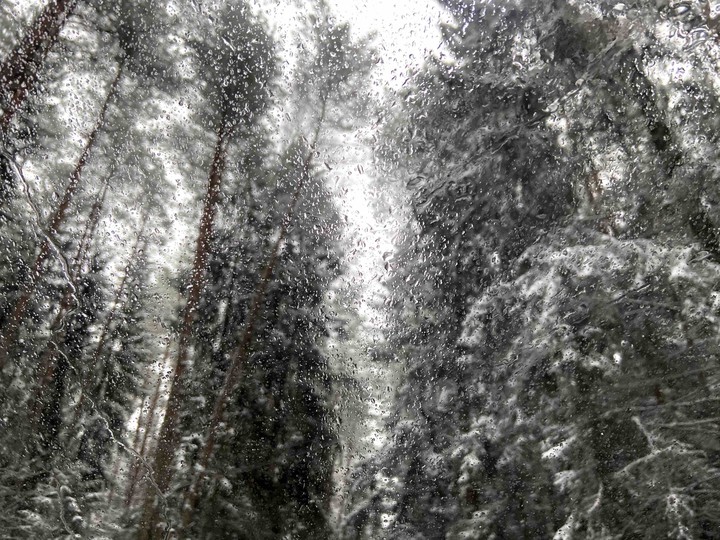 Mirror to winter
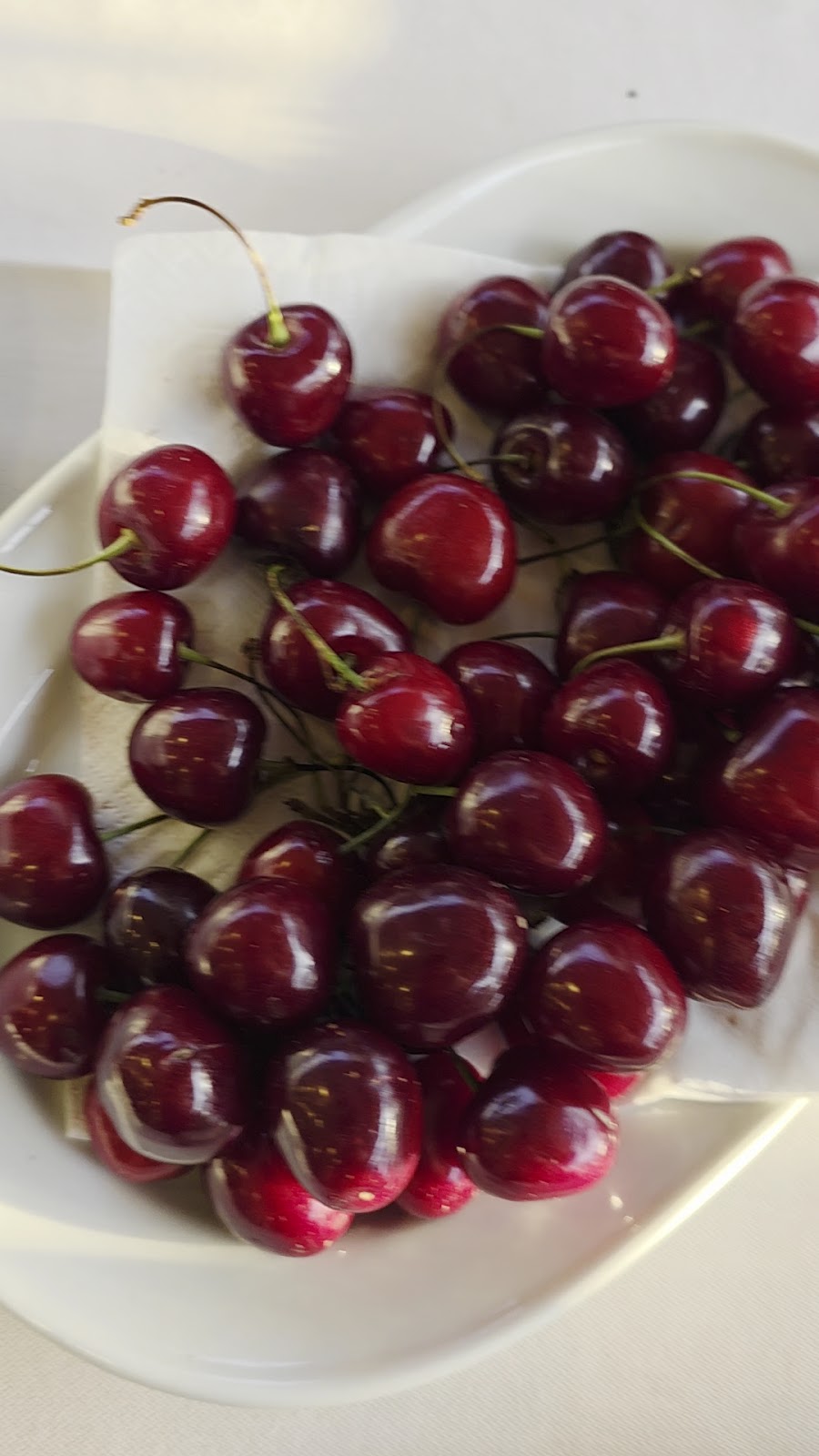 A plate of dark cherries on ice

---

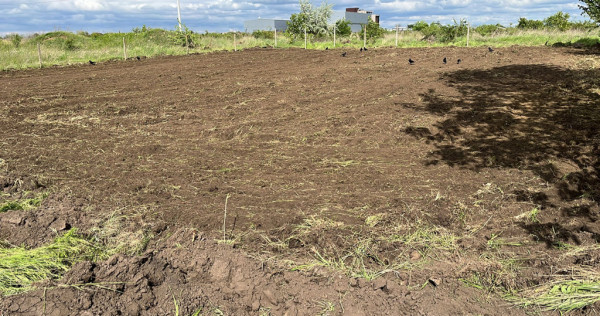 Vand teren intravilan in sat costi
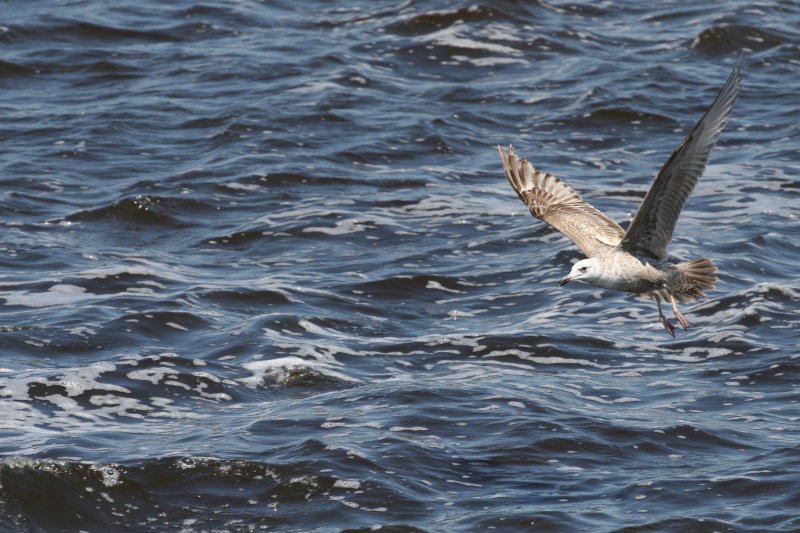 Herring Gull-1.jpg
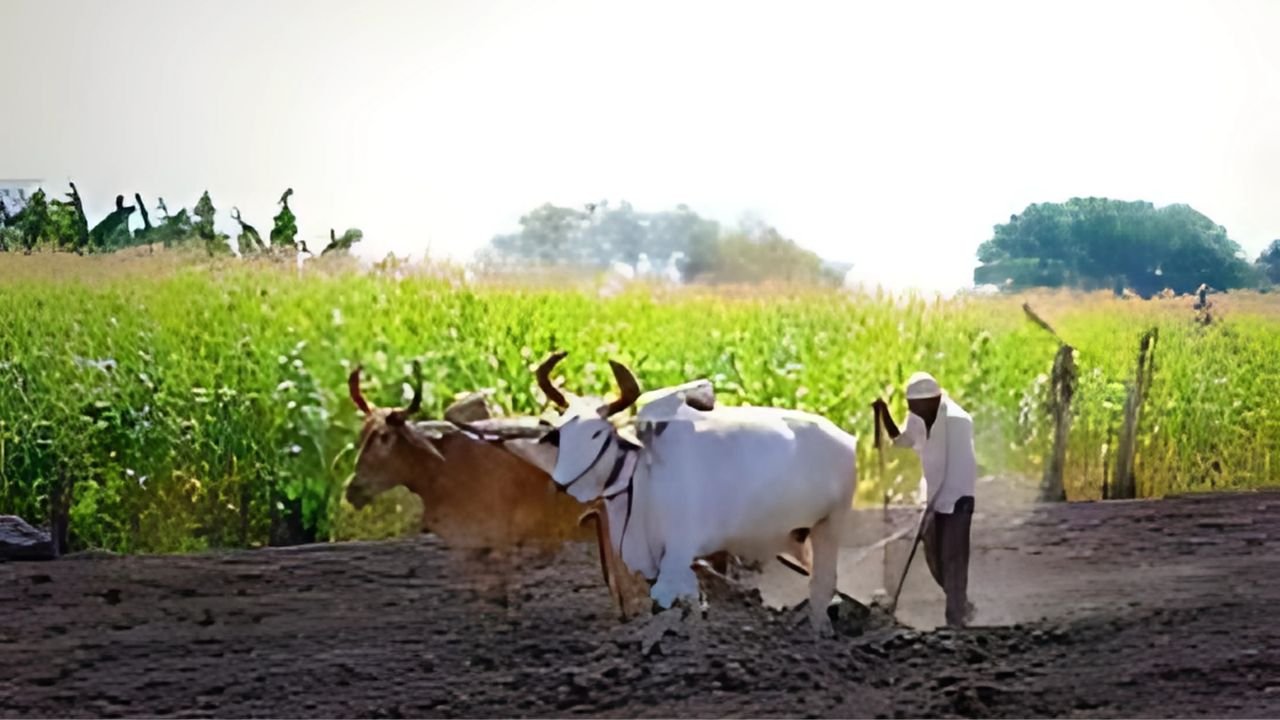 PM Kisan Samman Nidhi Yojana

What to work on -> Without the pictures, give again exactly the lines above starting at the line containing "Vand teren intravilan in sat costi" and ending at the line containing "PM Kisan Samman Nidhi Yojana".

Result of the task ->
 Vand teren intravilan in sat costi
 Herring Gull-1.jpg
 PM Kisan Samman Nidhi Yojana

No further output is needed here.